The Celtics are ahead 2-0 in their series with the Knicks but it's hard to feel good about it. Last night, Carmelo Anthony and a bunch of players who probably couldn't win a WNBA title nearly defeated the Celtics on their home court. The major problem was pretty obvious - rebounding. The Celtic halfcourt and transition defense was great but New York grabbed 20 offensive rebounds which led to much of their scoring. There is a gigantic void in the middle where Perkins has been in recent years and where Shaq would be if he were healthy. I am not one of those people blasting the Celtics for the Perkins trade. Perkins' health is questionable and I thought they could be a better team with Green coming off the bench, provided that Shaq was available for 20-25 good minutes per game. Of course, Shaq isn't playing and Green has been a disaster. The Celtics should win this series but if they play Miami without at least a relatively healthy Shaq, I don't see any way they can advance beyond the second round.
Here's the good news. Boston stands a very good chance to taking care of New York in four or five games. That would result in extra days off prior to the next round. The extra rest would mean a lot to Pierce, Garnett and Allen.
The Bruins and Canadiens are meeting in the playoffs for the 14th time since 1984 (Boston is 5-8).

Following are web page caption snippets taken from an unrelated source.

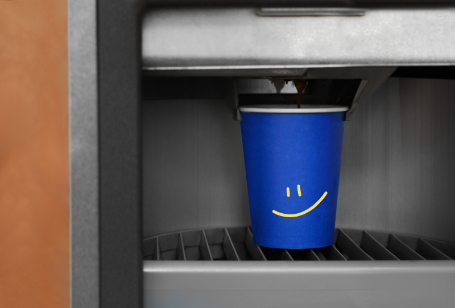 Hur man hittar pappersmuggar som är kompatibla med din varuautomat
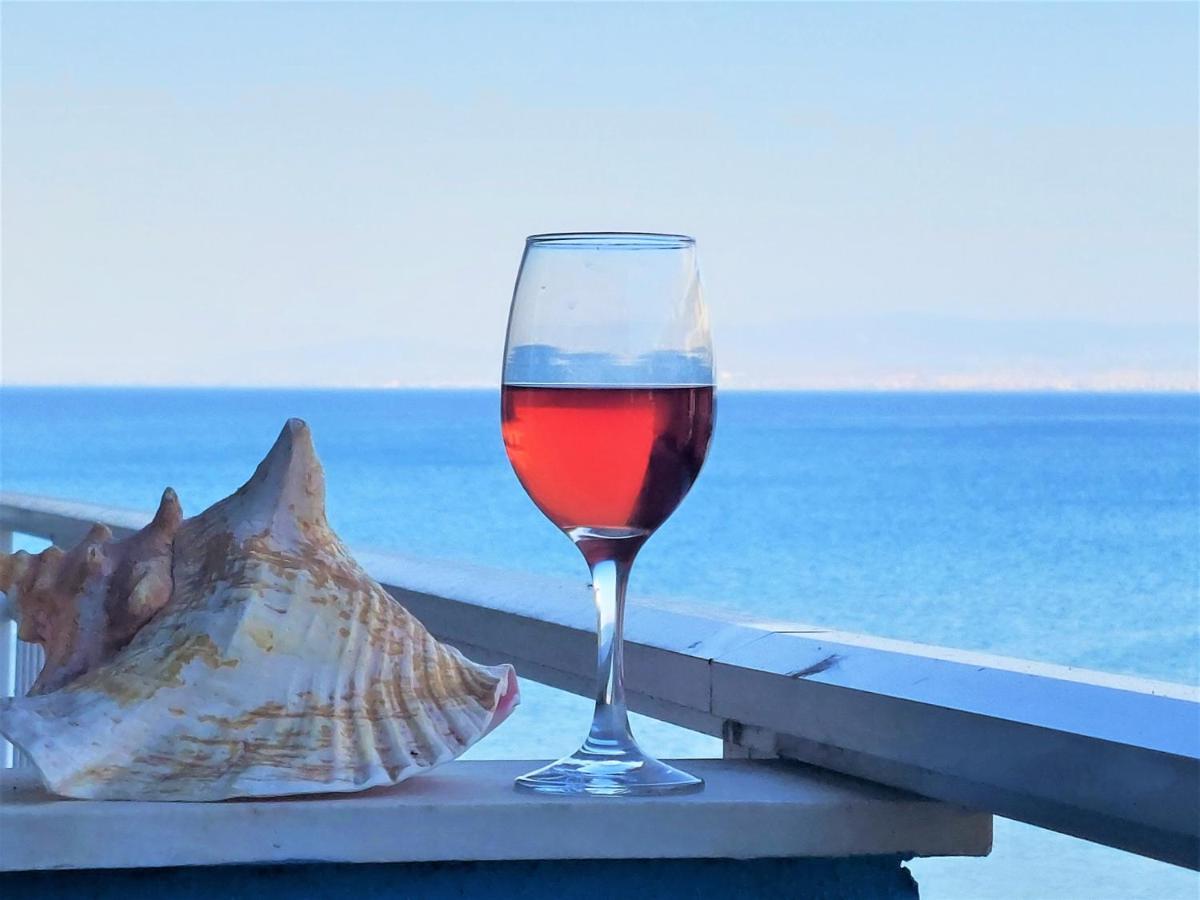 Niko'S Apartment - Beautiful Sea View Apartment ! Peraía エクステリア 写真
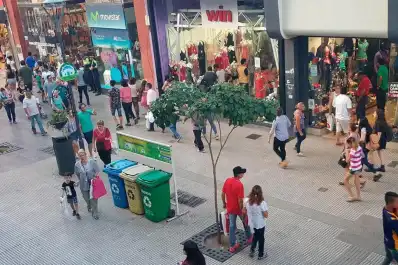Día del Trabajador: cómo funcionarán los servicios y comercios este fin de semana largo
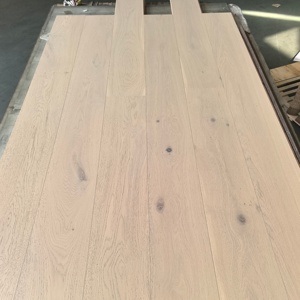 <span class=keywords><strong>Parquet</strong></span> en bois <span class=keywords><strong>massif</strong></span> de chêne européen, style rustique, 190 mm de large, fumé et blanchi, revêtement de sol en bois d'ingénierie - Product Image 3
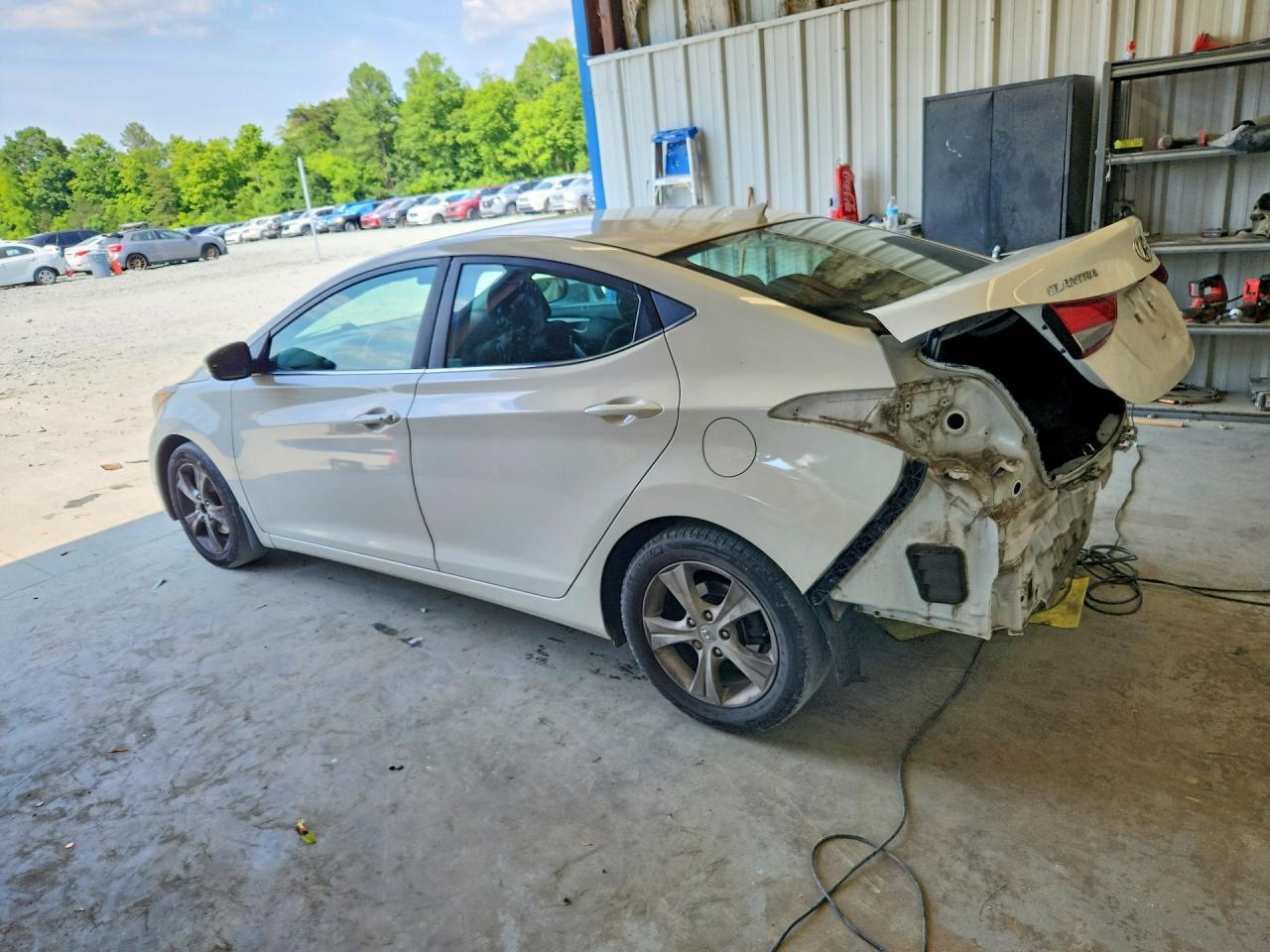 2016 Hyundai Elantra Value Edition White vin: 5NPDH4AE3GH774350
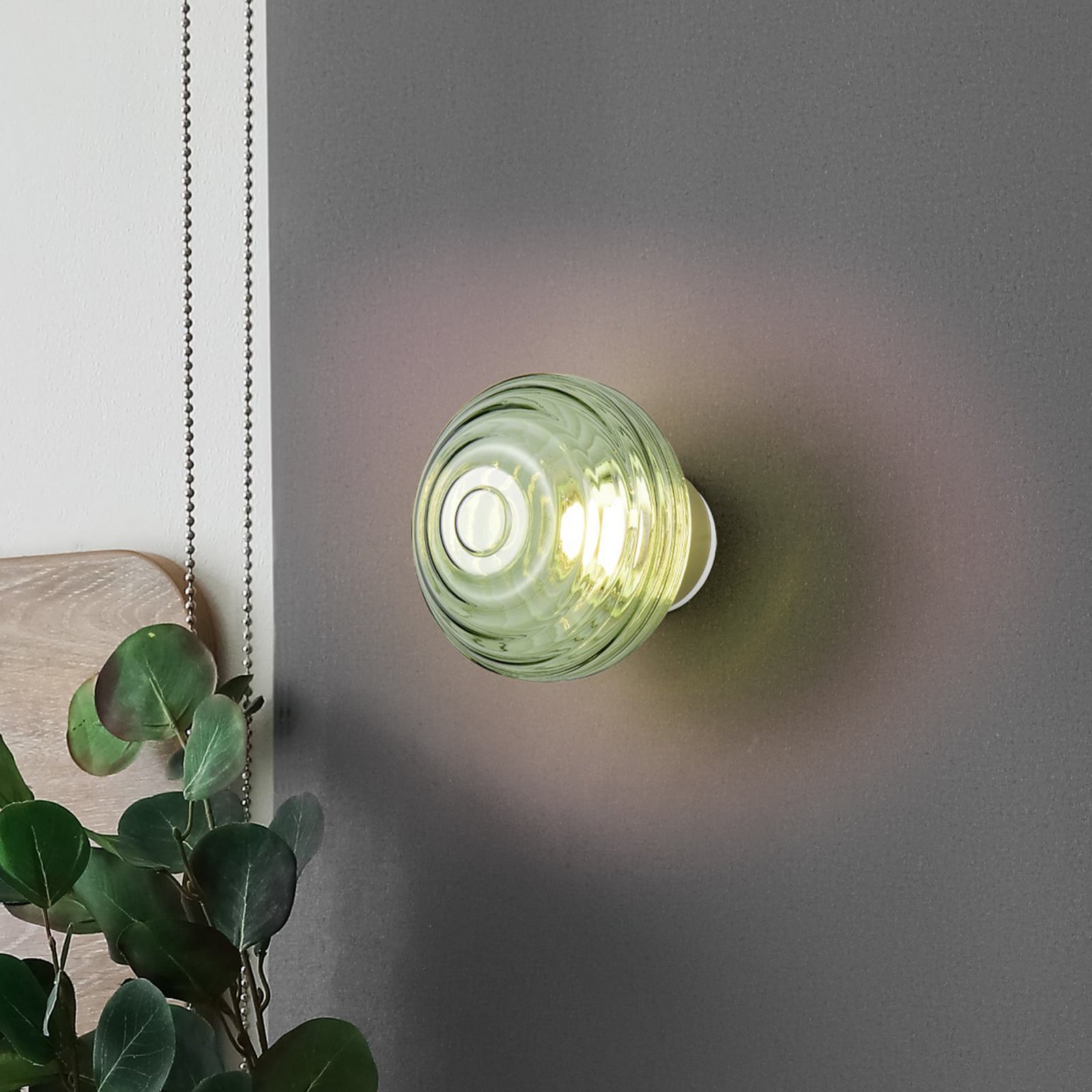 LED oppladbar vegglampe Earl glass Ø15,5 cm dimbar grønn forfra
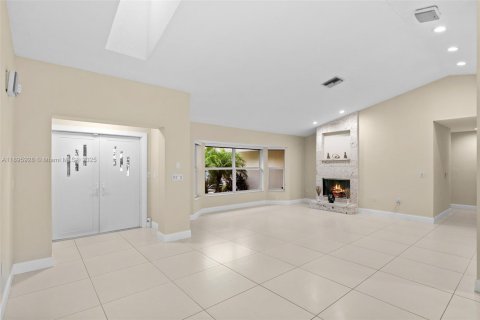 House in Fort Lauderdale, Florida 3 bedrooms, 210.61 sq.m. № 1950370 - photo 4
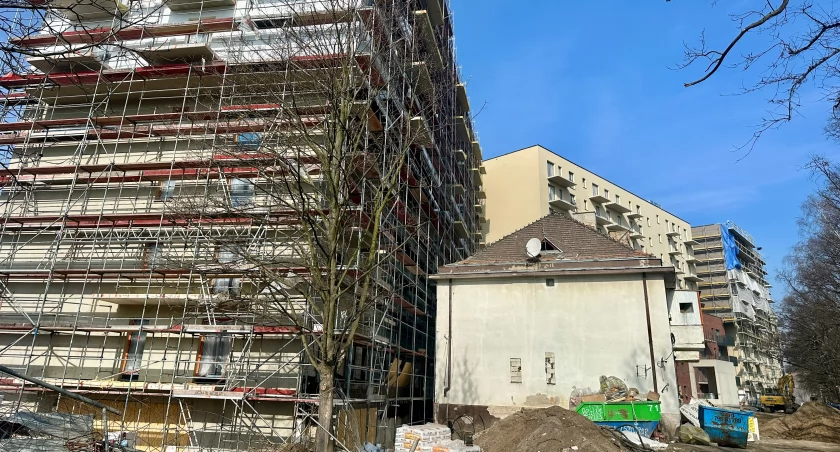 Wrocław: - Apartamenty z widokiem na sąsiada. Budynki na Popowicach stały się pośmiewiskiem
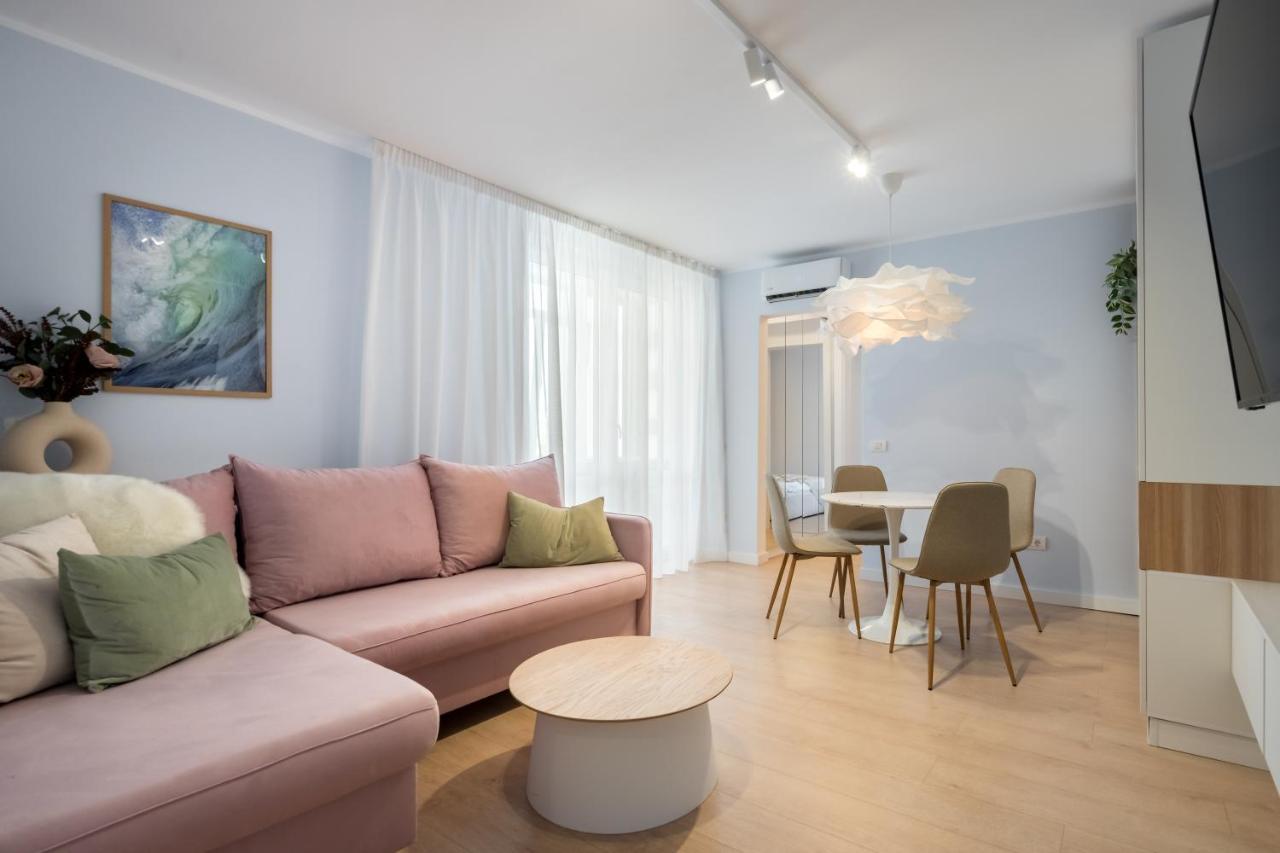 Candy Land Downtown Apartment Bukarest Eksteriør billede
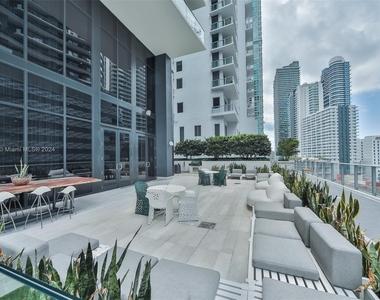 1010 Brickell Ave - Photo Thumbnail 29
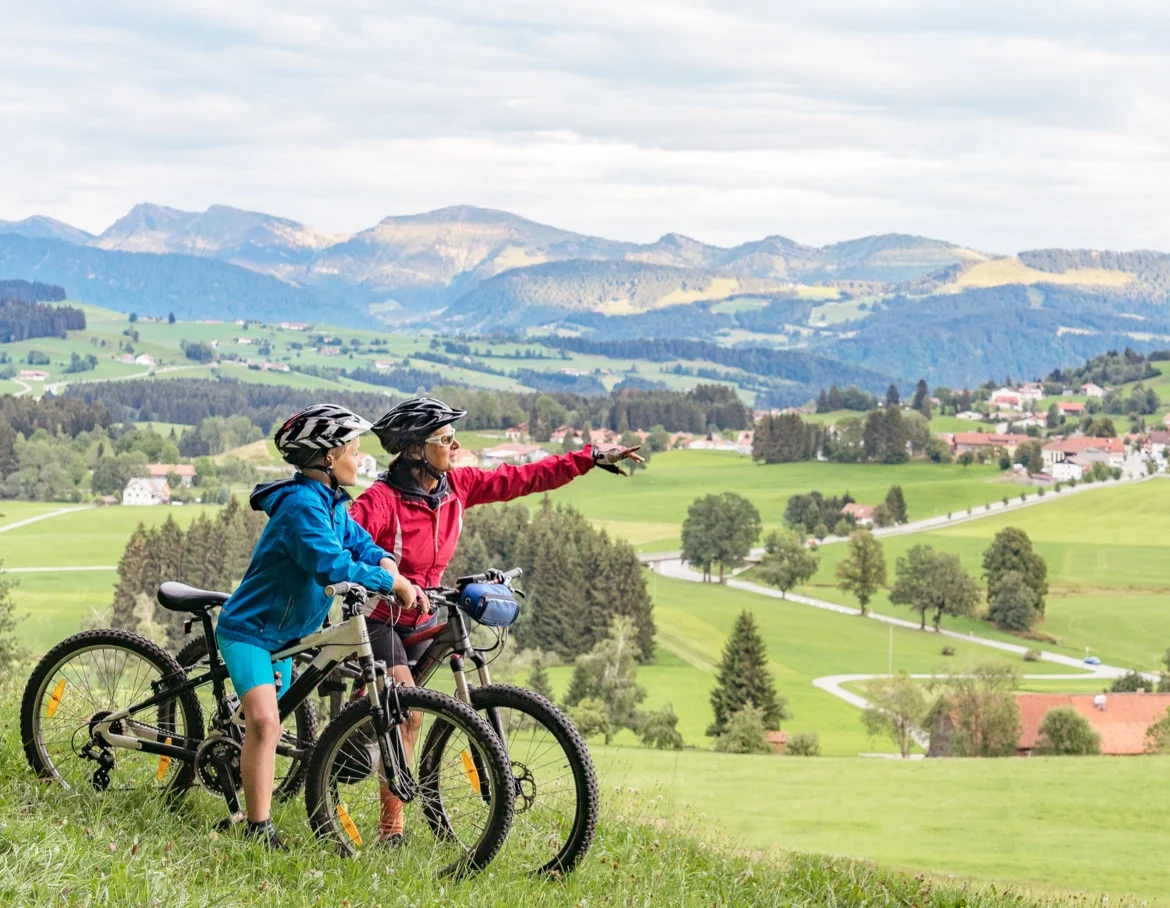 Photo de deux cyclistes observant la vue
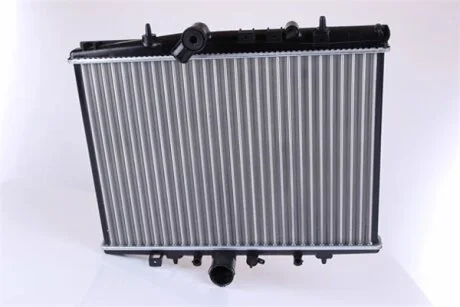 Радіатор охолоджування NISSENS 61294A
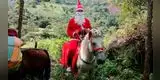 Profesor vestido de ‘Papá Noel’ montado a caballo lleva regalos a niños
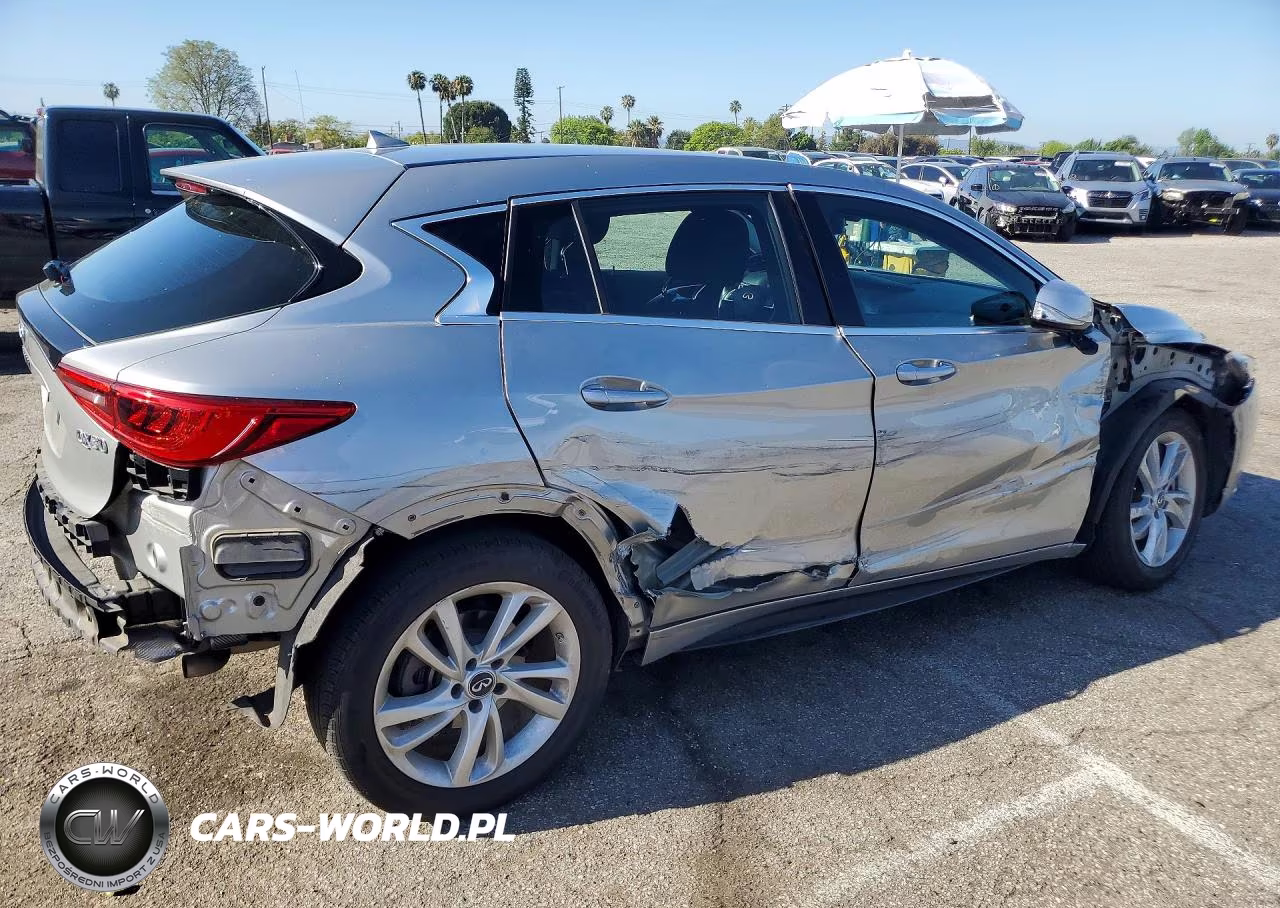 2018 Infiniti Qx30 Base VIN:SJKCH5CP1JA047977 - 3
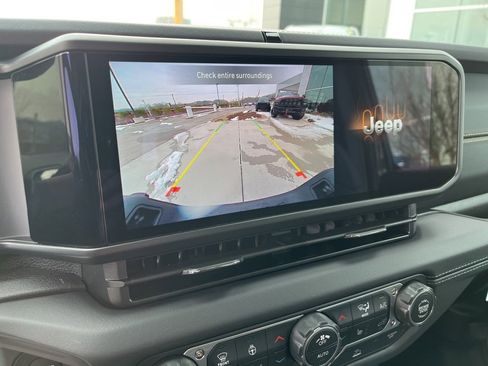 New 2026 Jeep Gladiator Sport image 10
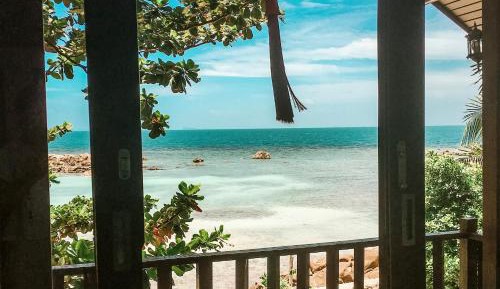 Bungalow with Sea View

It wasn't too surprising that Boston and Montreal met often in the 80s and early 90s when each of the four NHL divisions had it's own playoff bracket. With only five teams in the Adams Division, there was a reasonable chance that the two would meet. It's very surprising, however, that the Bruins have faced Montreal in the first round five of the past seven years that they have made the playoffs. There are 15 teams in each conference yet somehow the Canadiens and Bruins seem to find each other.
Strangely enough, Montreal's best game in this year's series came in Game 3, the one game they lost. They key to the series, obviously, has been the first three minutes of each game. Montreal scored in the first three minutes of Game 1 and twice in the first three minutes of Game 2 (they only scored once in the final 57 minutes of each game). The Bruins scored just 3:11 into Game 3. The Bruins dominated most of Games 1 and 2 but lost. The low point for the Bruins was during a roughly five minute stretch in the second period of Game 2 where Boston hit the post twice and beat Carey Price on another shot that trickled past the post. Meanwhile, Montreal scored on their only scoring chance during that time. Montreal dominated the final half of Game 3 but lost. It's been a strange series to say the least. I've always said that luck plays a larger role in hockey than in any other major sport. It's part of what makes the sport both exciting an infuriating.
Speaking of infuriating, are the refs going to continue to fall for (pun intended) Montreal's diving and pretending to be hurt to draw penalties? In some cases, the refs have not been fooled, but in a couple cases they have. If I were a ref and I saw a team diving the way Montreal does, I simply wouldn't call any penalties on the other team until it stopped. The Canadian women's hockey team shows more courage and toughness than the Montreal Canadiens. Hockey players should act like grown men and respect the sport. The Canadiens clearly do not.
Game 4 should decide the series. Obviously, if Montreal goes up 3-1, you have to like their chances. If Boston wins, they will have all the momentum and the home ice advantage (though the Bruins seem to be better on the road so that might not be a good thing).